Deputies en masse: Jolly good! Yes, sir! Quite right, quite right! Deeply inspiring! Deeply troubling! Bravo!….
[Translator’s note: In actuality these portions of the transcript may not be the most salient, but they shall have to suffice, as the remaining 17,000 pages have been recently consumed in a mysterious blaze at the translator’s office. As Deputy I’s closing remarks implied, the origins of the Reichstag fire were not determined by the Deputies at this time.

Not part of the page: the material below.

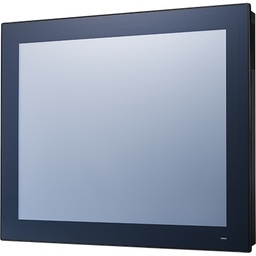 PPC-3190 Panel PC sin ventilador de 19" con procesador Intel Atom E3845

This did not much matter, however, since Admiral Donuts, at some time during his testimony, had prevailed upon Hitler to suspend all civil and individual rights. This suspension was immediately followed by the arrest of all deputies determined by HItler to be secretly opposed to the Democratic Process as expressed by the will of the people, and by the historic vote of the Reichstag which granted Chancellor Hitler power to legislate anything and everything all by himself. It was duly noted of this historic act that the Reichstag would remain unaffected by it, as would Democracy.]